Note that, each process does not share any object and they are completely independent. So, I expected that performance curve when changing number of process will be almost same for all matrix size. However, when plotting the results (see below), I found that the expectation is false. Specifically, when matrix size becomes large (80, 160), the performance hardly be better though number of process increased. Note: The figures legend indicates the matrix sizes.

Could you explain, why performance does not become better when matrix size is large?

For your information, here is the spec of my CPU: https://www.amd.com/en/products/cpu/amd-ryzen-9-3900x

Product Family: AMD Ryzen™ Processors
Product Line: AMD Ryzen™ 9 Desktop Processors
# of CPU Cores: 12
# of Threads: 24
Max.

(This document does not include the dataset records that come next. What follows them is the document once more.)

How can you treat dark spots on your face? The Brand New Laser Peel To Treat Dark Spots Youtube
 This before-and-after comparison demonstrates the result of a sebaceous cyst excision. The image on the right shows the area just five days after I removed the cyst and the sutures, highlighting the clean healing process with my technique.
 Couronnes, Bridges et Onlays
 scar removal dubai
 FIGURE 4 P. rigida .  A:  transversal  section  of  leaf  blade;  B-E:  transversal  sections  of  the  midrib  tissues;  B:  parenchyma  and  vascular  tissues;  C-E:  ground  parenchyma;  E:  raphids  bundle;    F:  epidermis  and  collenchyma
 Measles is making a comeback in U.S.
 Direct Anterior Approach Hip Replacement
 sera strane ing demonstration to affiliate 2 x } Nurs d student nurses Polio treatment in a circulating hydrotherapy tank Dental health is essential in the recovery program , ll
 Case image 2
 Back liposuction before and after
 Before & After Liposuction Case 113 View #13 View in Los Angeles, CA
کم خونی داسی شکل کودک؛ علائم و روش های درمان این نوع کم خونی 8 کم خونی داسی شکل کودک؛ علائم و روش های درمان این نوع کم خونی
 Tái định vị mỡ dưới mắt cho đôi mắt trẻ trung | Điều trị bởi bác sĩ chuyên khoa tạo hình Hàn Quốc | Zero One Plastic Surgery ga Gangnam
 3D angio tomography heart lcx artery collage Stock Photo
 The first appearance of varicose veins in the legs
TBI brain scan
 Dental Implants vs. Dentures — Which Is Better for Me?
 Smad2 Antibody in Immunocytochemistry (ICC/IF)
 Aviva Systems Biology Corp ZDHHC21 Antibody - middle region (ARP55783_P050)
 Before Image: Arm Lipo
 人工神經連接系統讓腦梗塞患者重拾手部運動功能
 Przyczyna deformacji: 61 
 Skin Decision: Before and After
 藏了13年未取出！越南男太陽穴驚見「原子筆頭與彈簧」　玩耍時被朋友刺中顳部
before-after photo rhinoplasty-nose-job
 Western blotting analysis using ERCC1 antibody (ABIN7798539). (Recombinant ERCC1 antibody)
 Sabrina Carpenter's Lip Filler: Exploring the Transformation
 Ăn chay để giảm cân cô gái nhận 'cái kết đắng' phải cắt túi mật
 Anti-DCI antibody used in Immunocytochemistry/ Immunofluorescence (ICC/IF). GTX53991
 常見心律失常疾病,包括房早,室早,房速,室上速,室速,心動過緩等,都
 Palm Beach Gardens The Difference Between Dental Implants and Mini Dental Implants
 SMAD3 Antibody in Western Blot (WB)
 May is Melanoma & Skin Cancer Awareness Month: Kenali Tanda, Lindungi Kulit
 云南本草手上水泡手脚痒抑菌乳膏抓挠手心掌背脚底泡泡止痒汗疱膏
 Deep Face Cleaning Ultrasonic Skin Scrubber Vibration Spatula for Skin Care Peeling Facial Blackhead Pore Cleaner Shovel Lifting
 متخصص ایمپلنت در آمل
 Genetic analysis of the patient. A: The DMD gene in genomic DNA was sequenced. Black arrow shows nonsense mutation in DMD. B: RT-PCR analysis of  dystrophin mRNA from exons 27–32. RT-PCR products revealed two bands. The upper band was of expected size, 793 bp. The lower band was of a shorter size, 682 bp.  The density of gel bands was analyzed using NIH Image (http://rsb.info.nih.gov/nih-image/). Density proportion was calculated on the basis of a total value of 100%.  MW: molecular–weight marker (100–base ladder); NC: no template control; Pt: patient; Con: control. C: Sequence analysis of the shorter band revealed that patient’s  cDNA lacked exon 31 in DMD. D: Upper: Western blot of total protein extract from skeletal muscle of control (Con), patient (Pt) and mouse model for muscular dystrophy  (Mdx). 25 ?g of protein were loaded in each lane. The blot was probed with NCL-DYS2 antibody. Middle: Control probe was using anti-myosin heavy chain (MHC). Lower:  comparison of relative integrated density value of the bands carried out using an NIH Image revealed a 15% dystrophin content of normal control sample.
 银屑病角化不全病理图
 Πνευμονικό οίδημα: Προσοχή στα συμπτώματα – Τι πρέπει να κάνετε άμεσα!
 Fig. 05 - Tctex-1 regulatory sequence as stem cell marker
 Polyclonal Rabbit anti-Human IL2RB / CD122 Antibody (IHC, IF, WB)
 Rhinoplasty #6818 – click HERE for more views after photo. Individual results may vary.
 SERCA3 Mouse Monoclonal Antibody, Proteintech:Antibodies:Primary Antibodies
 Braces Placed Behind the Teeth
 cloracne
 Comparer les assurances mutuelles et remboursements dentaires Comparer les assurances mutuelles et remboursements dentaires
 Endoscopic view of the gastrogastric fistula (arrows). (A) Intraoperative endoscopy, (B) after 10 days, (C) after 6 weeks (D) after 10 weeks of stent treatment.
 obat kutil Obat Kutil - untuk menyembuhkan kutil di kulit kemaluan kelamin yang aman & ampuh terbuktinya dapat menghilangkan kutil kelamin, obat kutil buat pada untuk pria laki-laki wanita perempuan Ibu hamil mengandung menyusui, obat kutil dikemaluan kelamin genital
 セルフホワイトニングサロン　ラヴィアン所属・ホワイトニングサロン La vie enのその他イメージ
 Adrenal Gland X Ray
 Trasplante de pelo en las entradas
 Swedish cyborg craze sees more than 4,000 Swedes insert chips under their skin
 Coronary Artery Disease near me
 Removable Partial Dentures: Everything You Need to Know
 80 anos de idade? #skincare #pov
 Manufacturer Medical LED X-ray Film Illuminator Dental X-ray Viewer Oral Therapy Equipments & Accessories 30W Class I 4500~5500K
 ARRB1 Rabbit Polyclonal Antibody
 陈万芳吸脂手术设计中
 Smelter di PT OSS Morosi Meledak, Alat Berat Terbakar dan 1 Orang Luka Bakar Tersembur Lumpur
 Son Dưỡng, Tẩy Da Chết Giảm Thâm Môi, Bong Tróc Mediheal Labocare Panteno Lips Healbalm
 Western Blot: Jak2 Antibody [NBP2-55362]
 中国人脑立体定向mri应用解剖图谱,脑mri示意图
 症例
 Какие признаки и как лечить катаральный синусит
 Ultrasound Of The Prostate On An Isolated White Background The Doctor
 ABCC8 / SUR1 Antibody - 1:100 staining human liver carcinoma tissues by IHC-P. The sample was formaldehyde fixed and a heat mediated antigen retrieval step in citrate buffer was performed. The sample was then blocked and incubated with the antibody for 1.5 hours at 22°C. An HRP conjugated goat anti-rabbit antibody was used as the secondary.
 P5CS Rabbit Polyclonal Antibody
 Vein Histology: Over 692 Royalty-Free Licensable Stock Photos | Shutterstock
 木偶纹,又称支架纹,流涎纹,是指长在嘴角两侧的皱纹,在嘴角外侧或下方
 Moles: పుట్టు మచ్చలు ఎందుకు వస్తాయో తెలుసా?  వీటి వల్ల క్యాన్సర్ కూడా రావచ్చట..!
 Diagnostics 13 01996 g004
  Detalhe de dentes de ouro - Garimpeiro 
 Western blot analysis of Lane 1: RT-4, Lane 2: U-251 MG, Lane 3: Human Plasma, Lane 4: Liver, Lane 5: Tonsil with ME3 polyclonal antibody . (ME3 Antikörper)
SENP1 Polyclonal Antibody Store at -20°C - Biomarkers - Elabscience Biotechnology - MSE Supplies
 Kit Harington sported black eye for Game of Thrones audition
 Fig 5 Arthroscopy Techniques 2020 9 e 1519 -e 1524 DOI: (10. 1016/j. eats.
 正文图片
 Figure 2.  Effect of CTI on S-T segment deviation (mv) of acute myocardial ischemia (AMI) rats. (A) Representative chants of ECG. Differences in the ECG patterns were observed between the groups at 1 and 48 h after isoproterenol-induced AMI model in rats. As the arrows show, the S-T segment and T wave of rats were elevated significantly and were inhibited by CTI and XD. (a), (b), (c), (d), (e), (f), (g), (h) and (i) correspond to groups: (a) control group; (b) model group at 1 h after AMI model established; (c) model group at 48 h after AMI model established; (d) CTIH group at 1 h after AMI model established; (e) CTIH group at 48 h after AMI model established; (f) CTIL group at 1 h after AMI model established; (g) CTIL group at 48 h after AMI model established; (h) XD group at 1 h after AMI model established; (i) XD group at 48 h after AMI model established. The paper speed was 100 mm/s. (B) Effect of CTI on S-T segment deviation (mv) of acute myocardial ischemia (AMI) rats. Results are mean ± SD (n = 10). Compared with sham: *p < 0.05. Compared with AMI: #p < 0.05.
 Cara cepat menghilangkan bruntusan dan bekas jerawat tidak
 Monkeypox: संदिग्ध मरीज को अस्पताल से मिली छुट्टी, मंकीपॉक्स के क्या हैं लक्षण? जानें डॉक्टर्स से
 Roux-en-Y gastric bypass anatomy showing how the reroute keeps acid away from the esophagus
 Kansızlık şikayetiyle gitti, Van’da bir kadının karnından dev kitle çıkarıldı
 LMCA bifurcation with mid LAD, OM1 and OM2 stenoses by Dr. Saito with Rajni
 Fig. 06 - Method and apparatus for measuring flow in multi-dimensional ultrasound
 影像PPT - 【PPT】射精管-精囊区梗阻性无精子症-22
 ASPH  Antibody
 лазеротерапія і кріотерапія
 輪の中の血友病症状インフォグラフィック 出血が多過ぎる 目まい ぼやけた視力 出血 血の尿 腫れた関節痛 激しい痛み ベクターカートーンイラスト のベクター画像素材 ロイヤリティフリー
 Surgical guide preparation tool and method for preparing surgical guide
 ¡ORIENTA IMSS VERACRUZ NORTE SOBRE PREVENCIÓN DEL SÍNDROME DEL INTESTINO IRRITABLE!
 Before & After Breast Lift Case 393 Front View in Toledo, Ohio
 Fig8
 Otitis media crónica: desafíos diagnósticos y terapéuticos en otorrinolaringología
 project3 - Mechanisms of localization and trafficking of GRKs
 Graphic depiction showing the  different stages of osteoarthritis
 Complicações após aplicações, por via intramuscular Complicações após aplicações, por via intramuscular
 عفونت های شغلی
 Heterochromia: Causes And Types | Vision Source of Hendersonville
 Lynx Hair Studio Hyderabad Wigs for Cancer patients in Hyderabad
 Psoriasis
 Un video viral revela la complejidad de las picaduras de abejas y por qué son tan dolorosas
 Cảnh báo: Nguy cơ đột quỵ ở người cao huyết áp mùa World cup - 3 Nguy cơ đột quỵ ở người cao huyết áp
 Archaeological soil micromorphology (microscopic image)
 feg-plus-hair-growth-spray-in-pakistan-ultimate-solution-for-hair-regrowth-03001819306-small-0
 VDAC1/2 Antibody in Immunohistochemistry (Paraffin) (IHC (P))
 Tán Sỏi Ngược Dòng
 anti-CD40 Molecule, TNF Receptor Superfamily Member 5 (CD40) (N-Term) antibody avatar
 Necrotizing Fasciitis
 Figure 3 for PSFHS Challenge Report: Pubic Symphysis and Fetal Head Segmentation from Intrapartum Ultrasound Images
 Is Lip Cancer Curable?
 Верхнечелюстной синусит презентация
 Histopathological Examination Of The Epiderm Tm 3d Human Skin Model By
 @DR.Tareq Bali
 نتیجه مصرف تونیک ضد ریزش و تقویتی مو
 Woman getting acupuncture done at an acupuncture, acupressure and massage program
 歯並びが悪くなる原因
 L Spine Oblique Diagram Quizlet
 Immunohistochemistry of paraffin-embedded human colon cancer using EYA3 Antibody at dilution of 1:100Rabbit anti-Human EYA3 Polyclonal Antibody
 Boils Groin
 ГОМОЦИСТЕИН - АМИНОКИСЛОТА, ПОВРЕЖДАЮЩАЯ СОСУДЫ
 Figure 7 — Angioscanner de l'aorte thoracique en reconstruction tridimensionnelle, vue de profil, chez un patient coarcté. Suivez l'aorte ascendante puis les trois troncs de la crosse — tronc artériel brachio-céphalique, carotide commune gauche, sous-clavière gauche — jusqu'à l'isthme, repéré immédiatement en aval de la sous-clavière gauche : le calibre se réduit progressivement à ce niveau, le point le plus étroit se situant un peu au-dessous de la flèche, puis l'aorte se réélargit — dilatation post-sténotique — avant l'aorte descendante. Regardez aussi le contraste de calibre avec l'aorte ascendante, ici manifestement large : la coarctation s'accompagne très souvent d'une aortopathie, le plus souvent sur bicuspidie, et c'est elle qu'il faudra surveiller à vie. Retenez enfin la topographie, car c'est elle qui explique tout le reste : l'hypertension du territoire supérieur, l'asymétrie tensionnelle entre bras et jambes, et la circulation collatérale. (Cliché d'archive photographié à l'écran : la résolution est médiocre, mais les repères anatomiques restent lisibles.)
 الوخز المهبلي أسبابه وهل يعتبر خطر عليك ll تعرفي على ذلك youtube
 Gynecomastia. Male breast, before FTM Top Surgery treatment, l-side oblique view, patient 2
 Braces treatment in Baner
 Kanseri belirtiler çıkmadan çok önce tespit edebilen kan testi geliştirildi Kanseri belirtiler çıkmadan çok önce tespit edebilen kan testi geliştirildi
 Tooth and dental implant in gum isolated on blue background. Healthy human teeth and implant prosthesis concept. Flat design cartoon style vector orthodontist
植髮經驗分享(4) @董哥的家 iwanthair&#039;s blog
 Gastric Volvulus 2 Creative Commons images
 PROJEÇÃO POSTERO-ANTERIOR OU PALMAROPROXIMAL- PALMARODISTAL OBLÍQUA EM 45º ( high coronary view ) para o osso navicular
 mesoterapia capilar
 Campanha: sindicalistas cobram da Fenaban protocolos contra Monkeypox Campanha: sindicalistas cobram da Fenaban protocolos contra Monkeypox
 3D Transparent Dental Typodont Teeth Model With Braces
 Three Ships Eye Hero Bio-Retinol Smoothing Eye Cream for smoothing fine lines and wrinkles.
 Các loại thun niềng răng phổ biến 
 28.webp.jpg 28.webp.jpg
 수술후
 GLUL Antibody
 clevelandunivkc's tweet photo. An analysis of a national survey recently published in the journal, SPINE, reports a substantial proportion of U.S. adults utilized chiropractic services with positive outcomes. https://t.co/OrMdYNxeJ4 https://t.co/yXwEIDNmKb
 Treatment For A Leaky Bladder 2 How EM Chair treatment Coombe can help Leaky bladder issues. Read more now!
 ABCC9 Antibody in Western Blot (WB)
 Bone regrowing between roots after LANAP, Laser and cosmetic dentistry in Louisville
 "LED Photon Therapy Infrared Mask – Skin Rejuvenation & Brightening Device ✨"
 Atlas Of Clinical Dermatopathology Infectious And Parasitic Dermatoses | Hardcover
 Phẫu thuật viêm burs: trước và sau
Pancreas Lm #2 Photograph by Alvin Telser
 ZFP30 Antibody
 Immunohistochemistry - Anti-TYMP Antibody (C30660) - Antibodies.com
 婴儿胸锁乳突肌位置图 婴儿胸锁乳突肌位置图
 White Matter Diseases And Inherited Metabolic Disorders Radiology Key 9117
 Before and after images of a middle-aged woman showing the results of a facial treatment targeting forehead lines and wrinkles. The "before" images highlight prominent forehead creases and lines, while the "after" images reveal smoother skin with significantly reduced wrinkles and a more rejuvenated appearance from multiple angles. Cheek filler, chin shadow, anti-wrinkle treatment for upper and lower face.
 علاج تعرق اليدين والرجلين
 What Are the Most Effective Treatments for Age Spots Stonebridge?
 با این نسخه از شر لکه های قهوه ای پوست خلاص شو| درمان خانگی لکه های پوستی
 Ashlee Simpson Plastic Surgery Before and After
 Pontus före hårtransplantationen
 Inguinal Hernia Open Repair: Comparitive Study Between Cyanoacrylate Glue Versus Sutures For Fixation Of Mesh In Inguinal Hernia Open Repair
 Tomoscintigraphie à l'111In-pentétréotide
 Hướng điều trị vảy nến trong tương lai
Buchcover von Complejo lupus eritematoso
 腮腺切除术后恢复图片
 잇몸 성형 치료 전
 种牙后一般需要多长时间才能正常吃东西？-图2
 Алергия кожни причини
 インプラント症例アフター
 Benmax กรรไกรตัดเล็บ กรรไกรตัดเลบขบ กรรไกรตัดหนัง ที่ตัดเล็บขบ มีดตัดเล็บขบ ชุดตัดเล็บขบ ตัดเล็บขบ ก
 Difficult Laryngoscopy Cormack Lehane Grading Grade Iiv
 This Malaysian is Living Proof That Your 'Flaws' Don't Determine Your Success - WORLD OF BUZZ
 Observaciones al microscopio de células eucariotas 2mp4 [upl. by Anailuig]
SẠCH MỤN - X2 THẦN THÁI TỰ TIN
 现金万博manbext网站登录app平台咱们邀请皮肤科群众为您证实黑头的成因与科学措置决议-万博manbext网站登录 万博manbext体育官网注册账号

Boost Clock: Up to 4.6GHz
Base Clock: 3.8GHz
L1 Cache: 768KB
L2 Cache: 6MB
L3 Cache: 64MB

enter image description here

main script

import numpy as np
import pickle
from dataclasses import dataclass
import time
import multiprocessing
import os
import subprocess
import numpy as np


def split_number(n_total, n_split):
    return [n_total // n_split + (1 if x < n_total % n_split else 0) for x in range(n_split)]


def task(args):
    n_iter, idx, matrix_size = args
    #cores = "{},{}".format(2 * idx, 2 * idx+1)
    #os.system("taskset -p -c {} {}".format(cores, os.getpid()))
    for _ in range(n_iter):
        A = np.random.randn(matrix_size, matrix_size)
        for _ in range(100):
            A = A.dot(A)


def measure_time(n_process: int, matrix_size: int) -> float:
    n_total = 100
    assigne_list = split_number(n_total, n_process)
    pool = multiprocessing.Pool(n_process)
    ts = time.time()
    pool.map(task, zip(assigne_list, range(n_process), [matrix_size] * n_process))
    elapsed = time.time() - ts
    return elapsed


if __name__ == "__main__":
    n_experiment_sample = 5
    n_logical = os.cpu_count()
    n_physical = int(0.5 * n_logical)
    result = {}
    for mat_size in [5, 10, 20, 40, 80, 160]:
        subresult = {}
        result[mat_size] = subresult
        for n_process in range(1, n_physical + 1):
            elapsed = np.mean([measure_time(n_process, mat_size) for _ in range(n_experiment_sample)])
            subresult[n_process] = elapsed
            print("{}, {}, {}".format(mat_size, n_process, elapsed))
    with open("result.pkl", "wb") as f:
        pickle.dump(result, f)

plot script

import numpy as np
import matplotlib.pyplot as plt
import pickle
with open("result.pkl", "rb") as f:
    result = pickle.load(f)

fig, ax = plt.subplots()

for matrix_size in result.keys():
    subresult = result[matrix_size]
    n_process_list = list(subresult.keys())
    elapsed_time_list = np.array(list(subresult.values()))
    speedups = elapsed_time_list[0] / elapsed_time_list
    ax.plot(n_process_list, speedups, label=matrix_size)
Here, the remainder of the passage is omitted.